## Data for review

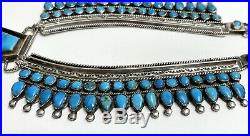RARE Vintage ZUNI Sterling Silver Turquoise Squash Blossom Necklace HUGE 178grms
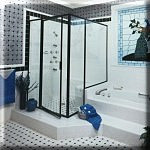 Black 793 with Buttress Glass Shower Door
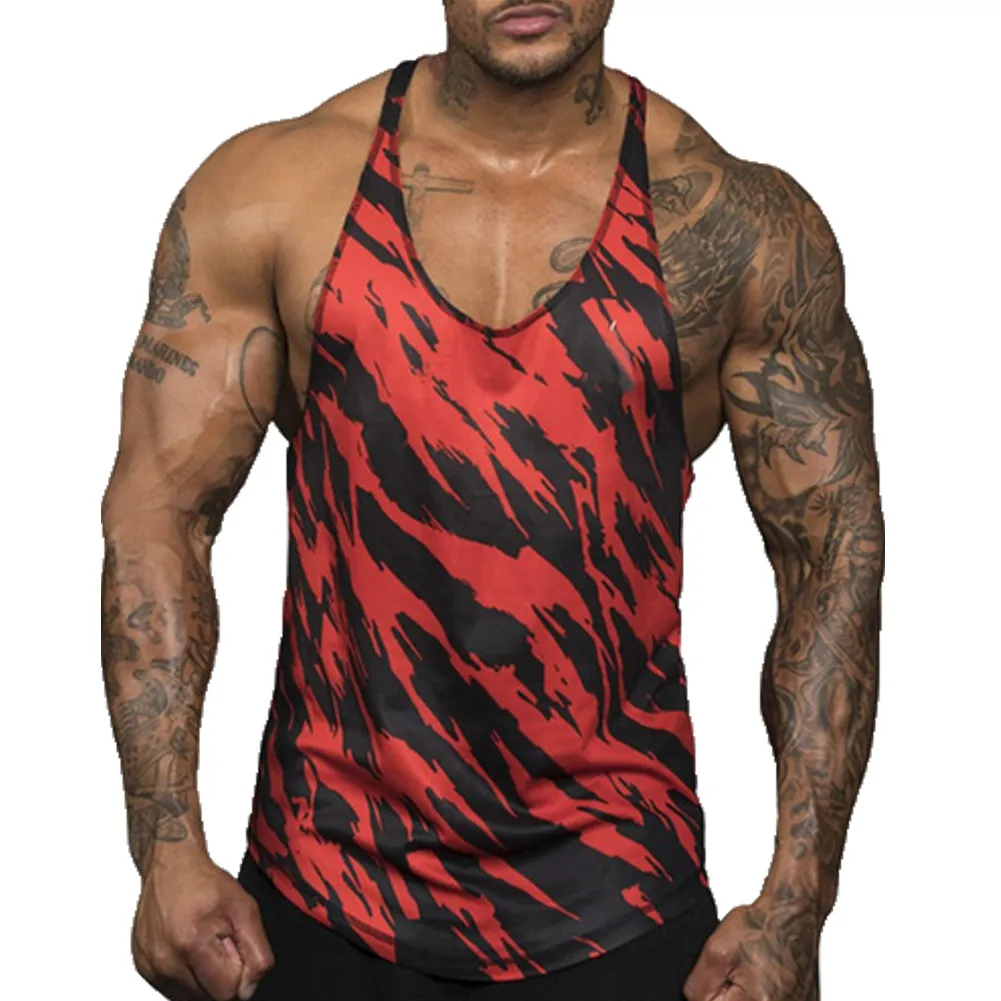 Gym Men Bodybuilding camo senza maniche canotte singolo top muscolare stringer atletico fitness top vestiti estivi6649774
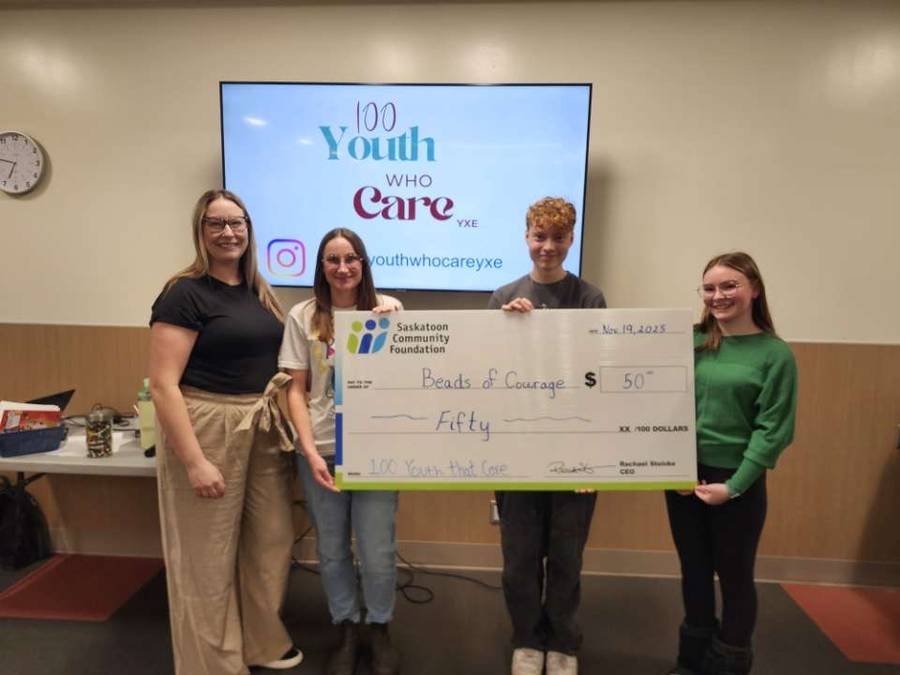 Runner-up cheque presentation to Beads of Courage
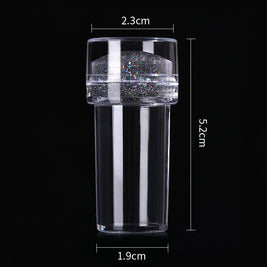 Transparent Nail Stamp Laser Seal – Colorful Handle Magic Printing Tool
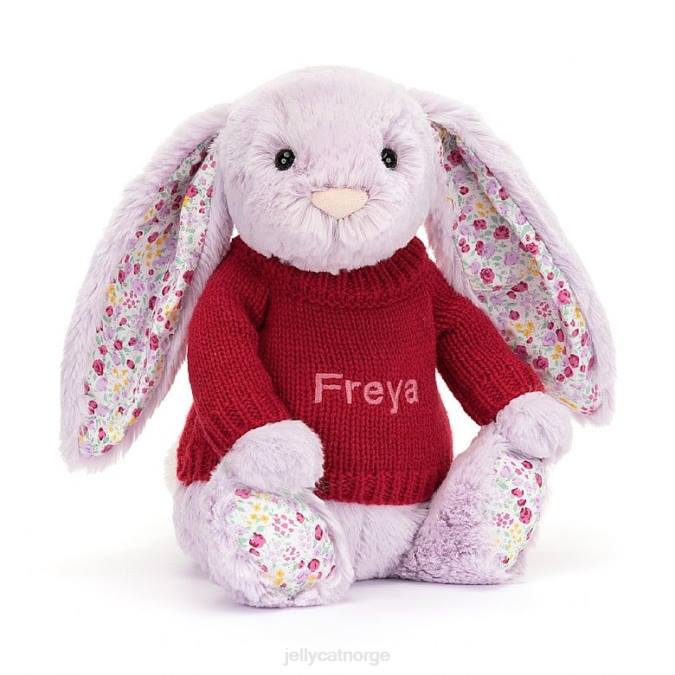 Jellycat blomstrende jasminkanin med personlig rød genser lilla leketøy 8RNH399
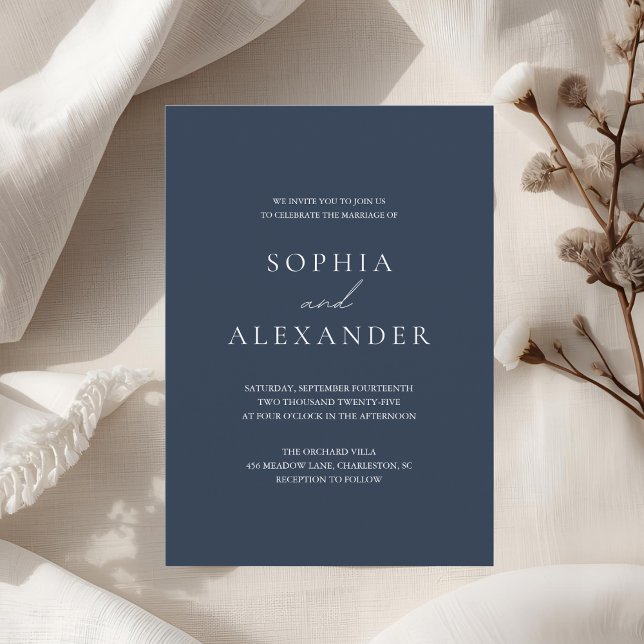 Elegant Navy Blue Wedding Modern Script Einladung (Von Creator hochgeladen)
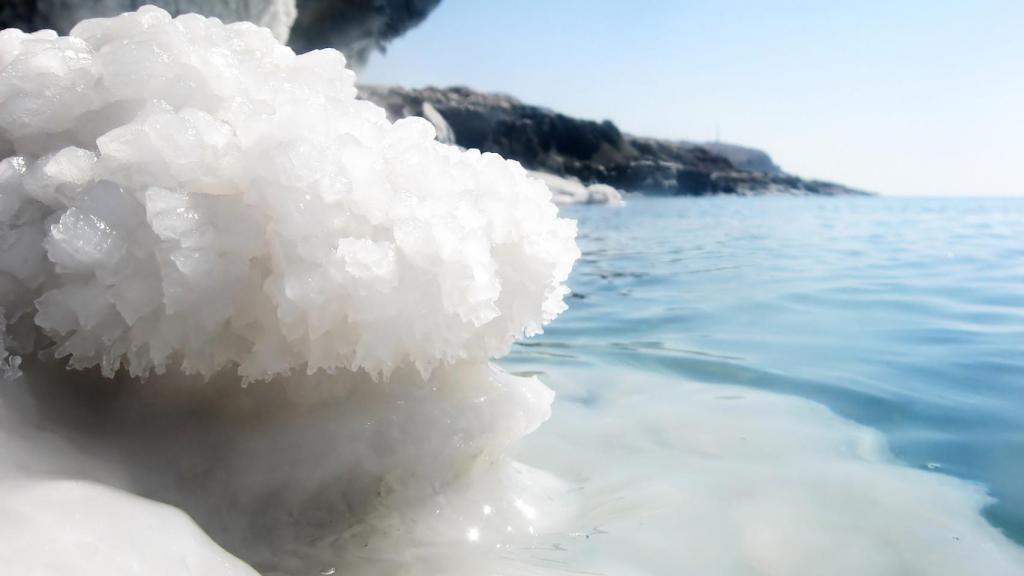 File image of salt on the shores of the Dead Sea.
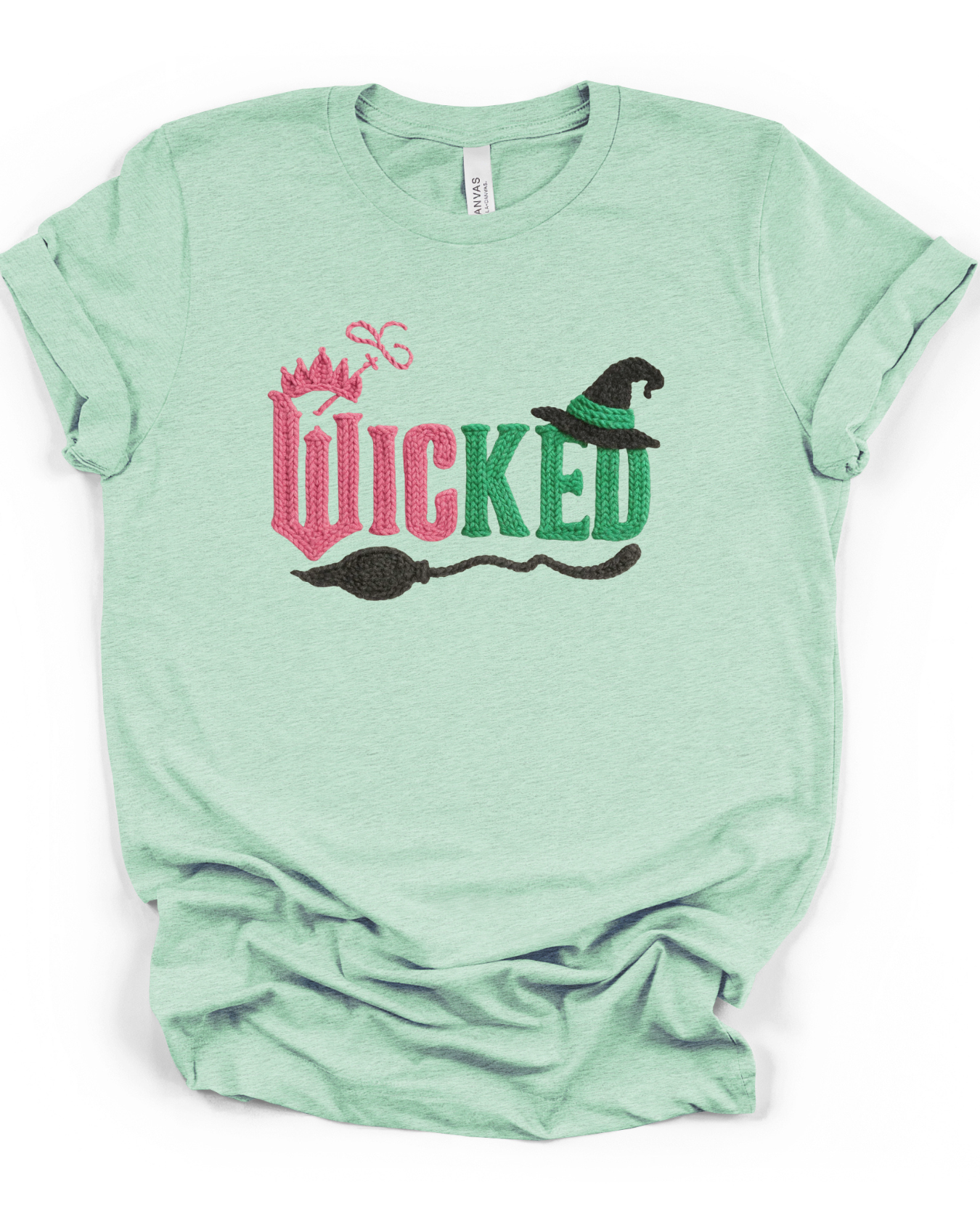 Wicked Faux Yarn Unisex T-Shirt in Heather Mint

## Problem to work on
A word-for-word copy of the listing is the goal; keep every picture out of it.

## Result
RARE Vintage ZUNI Sterling Silver Turquoise Squash Blossom Necklace HUGE 178grms
 Black 793 with Buttress Glass Shower Door
 Gym Men Bodybuilding camo senza maniche canotte singolo top muscolare stringer atletico fitness top vestiti estivi6649774
 Runner-up cheque presentation to Beads of Courage
 Transparent Nail Stamp Laser Seal – Colorful Handle Magic Printing Tool
 Jellycat blomstrende jasminkanin med personlig rød genser lilla leketøy 8RNH399
 Elegant Navy Blue Wedding Modern Script Einladung (Von Creator hochgeladen)
 File image of salt on the shores of the Dead Sea.
 Wicked Faux Yarn Unisex T-Shirt in Heather Mint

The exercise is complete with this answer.